連載・特集

2024.07.08 みすず野

 中学校の美術の教科書に掲載されていた岸田劉生(1891~1929)の洋画「麗子像」は、生徒に強烈な印象を与えた。劉生の長女・麗子がモデルで5歳から15歳頃まで「油彩、水彩、木版画など、現存するだけでも100点以上描かれている」(『洋画家の美術史』ナカムラクニオ著、光文社新書)そうだ◆劉生は大正9(1920)年から14年まで日記を書き続けた。『摘録劉生日記』(岩波文庫)にまとめられている。日記はどこかおかしい。寒いと布団を5、6枚かけ、かんしゃく持ちで気に入らないことがあると周囲に当たり散らし、後で必ず反省。

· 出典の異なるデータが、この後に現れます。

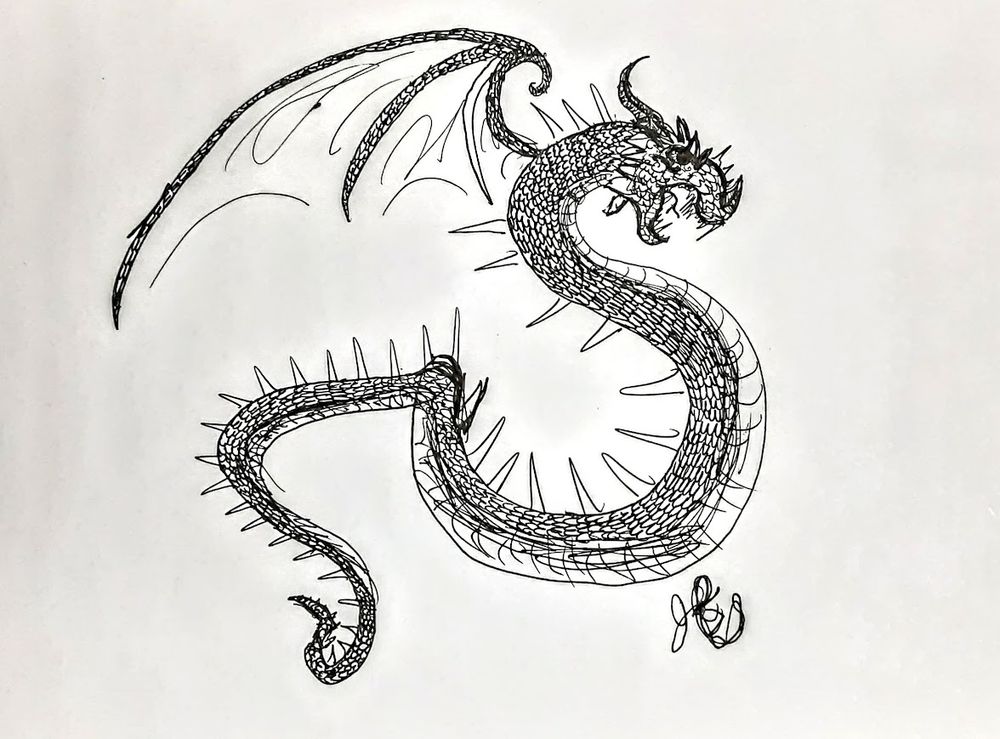 A rough sketch of a serpentine dragon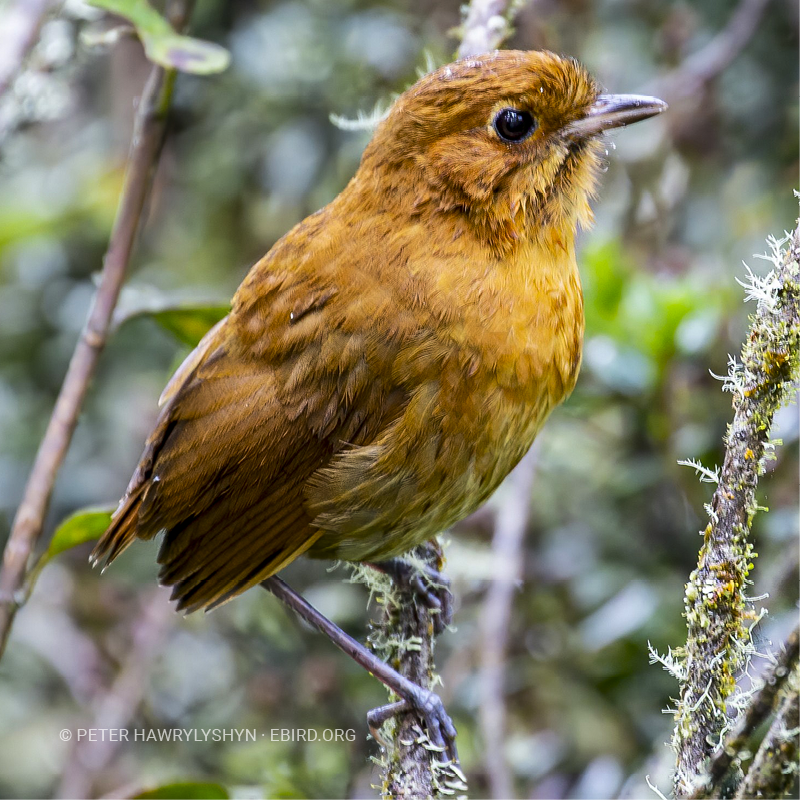 Tororoí rufo (Grallaria rufula)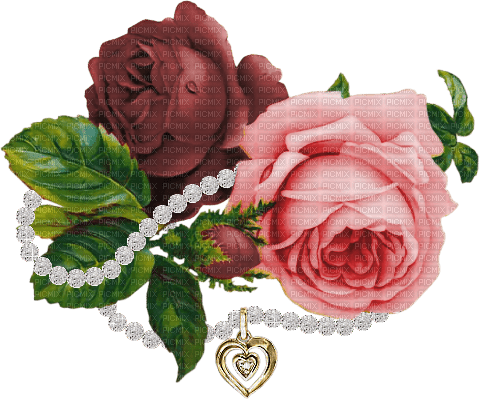 kikkapink deco roses - бесплатно png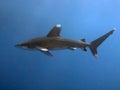 Oceanic whitetip shark Royalty Free Stock Photo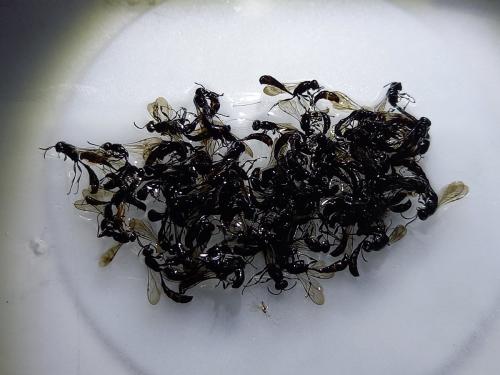 Trypoxylon sp.
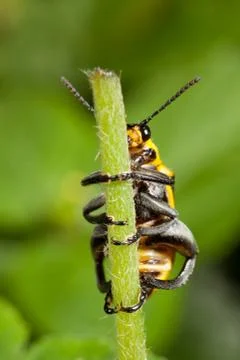 Beetle on branch Stock Photos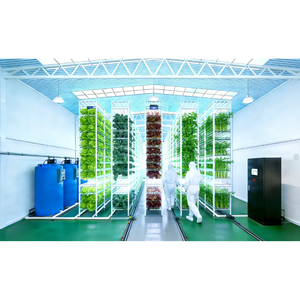 Système de culture en canal NFT en serre, système d'irrigation hydroponique agricole vertical multicouche en tuyaux NFT pour la laitue/les tomates - Product Image 4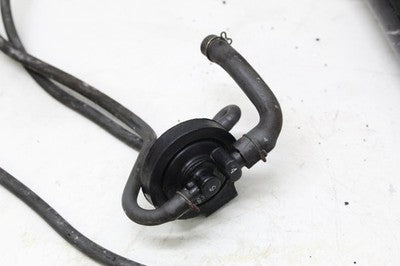 2003 HONDA REBEL 250 CMX250C OEM EVAP VAPOR CHARCOAL EMISSION CANISTER W HOSES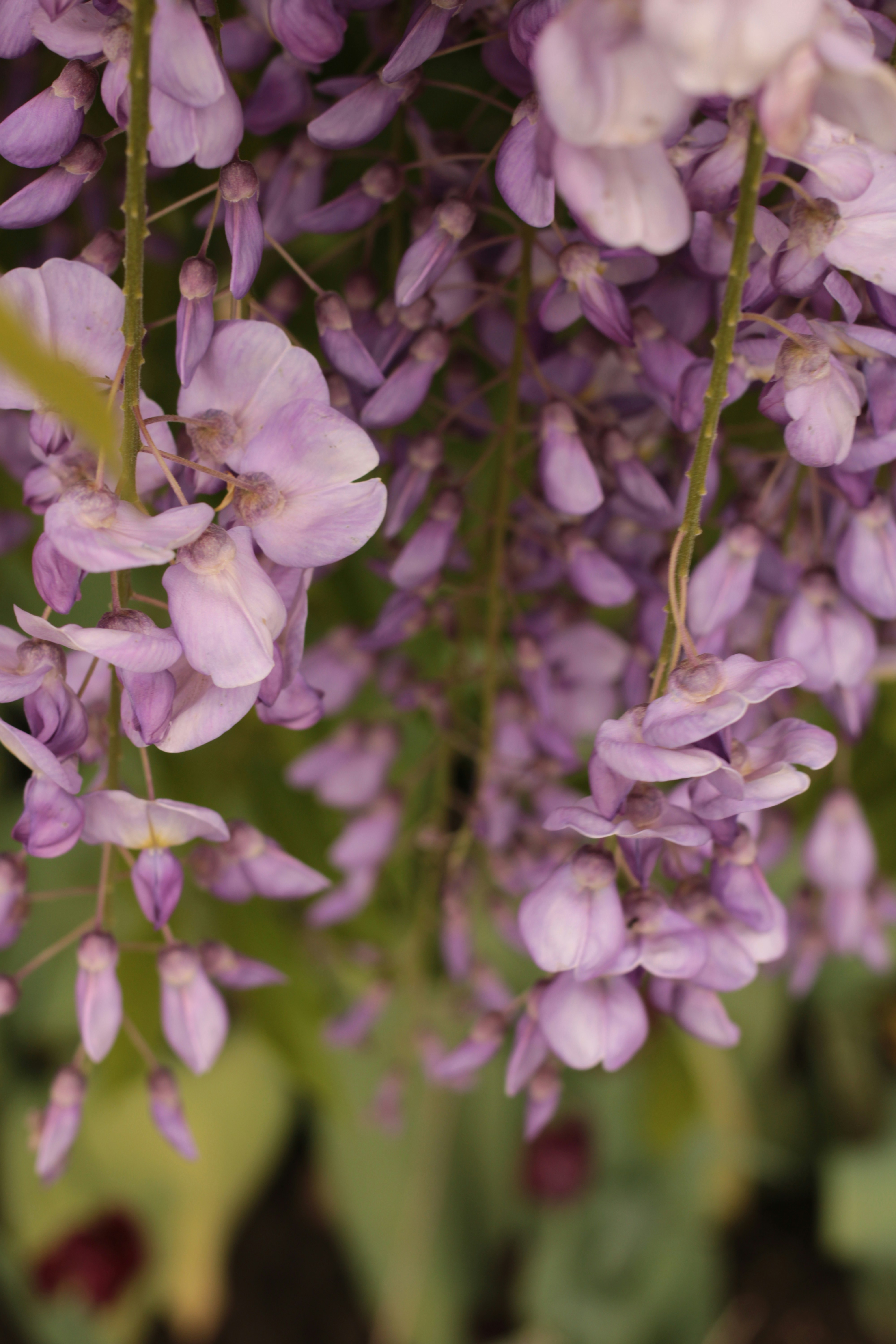 Photo by thorai9akira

そしてやたらと相撲を取る◆大正9年7月8日の日記は「逗子へちょっと行った勝利も帰って皆で夕食し、夜丸山、勝利などと角力とる。丸山と勝利はいいとり組也。椿も来合わせまた角力とる」と。読者はなぜか元気付けられる◆劉生は38歳で急逝。麗子は父の死後絵を描き始め、役者として舞台に立つ。戯曲や小説を書き、日記を読み返して劉生の評伝などを発表。「48歳で亡くなるまで、やはりひとりの表現者として生きたのだ」(『洋画家の―』)。そう父と同じように。